**Description of the task**
Write every record out again exactly as given.

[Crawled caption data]
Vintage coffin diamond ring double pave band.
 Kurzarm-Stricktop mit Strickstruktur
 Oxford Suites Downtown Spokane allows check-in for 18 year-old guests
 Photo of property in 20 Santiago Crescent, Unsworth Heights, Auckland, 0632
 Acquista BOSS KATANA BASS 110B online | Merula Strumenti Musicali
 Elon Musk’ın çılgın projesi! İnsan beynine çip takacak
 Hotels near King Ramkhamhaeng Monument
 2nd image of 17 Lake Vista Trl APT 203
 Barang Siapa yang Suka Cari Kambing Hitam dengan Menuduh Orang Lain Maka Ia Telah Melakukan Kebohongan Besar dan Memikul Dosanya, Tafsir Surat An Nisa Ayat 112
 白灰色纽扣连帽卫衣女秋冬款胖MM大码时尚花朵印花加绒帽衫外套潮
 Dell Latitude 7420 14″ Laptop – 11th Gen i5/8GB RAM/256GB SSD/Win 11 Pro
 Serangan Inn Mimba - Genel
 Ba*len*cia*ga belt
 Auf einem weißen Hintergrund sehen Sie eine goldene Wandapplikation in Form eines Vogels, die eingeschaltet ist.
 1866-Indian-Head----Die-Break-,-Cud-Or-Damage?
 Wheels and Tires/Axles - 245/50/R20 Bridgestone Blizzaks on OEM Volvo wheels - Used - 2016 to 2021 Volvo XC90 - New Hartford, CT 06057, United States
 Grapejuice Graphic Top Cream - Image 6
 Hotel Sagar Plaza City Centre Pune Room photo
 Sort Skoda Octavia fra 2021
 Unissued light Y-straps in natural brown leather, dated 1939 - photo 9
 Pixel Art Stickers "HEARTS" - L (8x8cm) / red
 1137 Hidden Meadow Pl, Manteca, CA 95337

**Reply to the exercise**
Vintage coffin diamond ring double pave band.
 Kurzarm-Stricktop mit Strickstruktur
 Oxford Suites Downtown Spokane allows check-in for 18 year-old guests
 Photo of property in 20 Santiago Crescent, Unsworth Heights, Auckland, 0632
 Acquista BOSS KATANA BASS 110B online | Merula Strumenti Musicali
 Elon Musk’ın çılgın projesi! İnsan beynine çip takacak
 Hotels near King Ramkhamhaeng Monument
 2nd image of 17 Lake Vista Trl APT 203
 Barang Siapa yang Suka Cari Kambing Hitam dengan Menuduh Orang Lain Maka Ia Telah Melakukan Kebohongan Besar dan Memikul Dosanya, Tafsir Surat An Nisa Ayat 112
 白灰色纽扣连帽卫衣女秋冬款胖MM大码时尚花朵印花加绒帽衫外套潮
 Dell Latitude 7420 14″ Laptop – 11th Gen i5/8GB RAM/256GB SSD/Win 11 Pro
 Serangan Inn Mimba - Genel
 Ba*len*cia*ga belt
 Auf einem weißen Hintergrund sehen Sie eine goldene Wandapplikation in Form eines Vogels, die eingeschaltet ist.
 1866-Indian-Head----Die-Break-,-Cud-Or-Damage?
 Wheels and Tires/Axles - 245/50/R20 Bridgestone Blizzaks on OEM Volvo wheels - Used - 2016 to 2021 Volvo XC90 - New Hartford, CT 06057, United States
 Grapejuice Graphic Top Cream - Image 6
 Hotel Sagar Plaza City Centre Pune Room photo
 Sort Skoda Octavia fra 2021
 Unissued light Y-straps in natural brown leather, dated 1939 - photo 9
 Pixel Art Stickers "HEARTS" - L (8x8cm) / red
 1137 Hidden Meadow Pl, Manteca, CA 95337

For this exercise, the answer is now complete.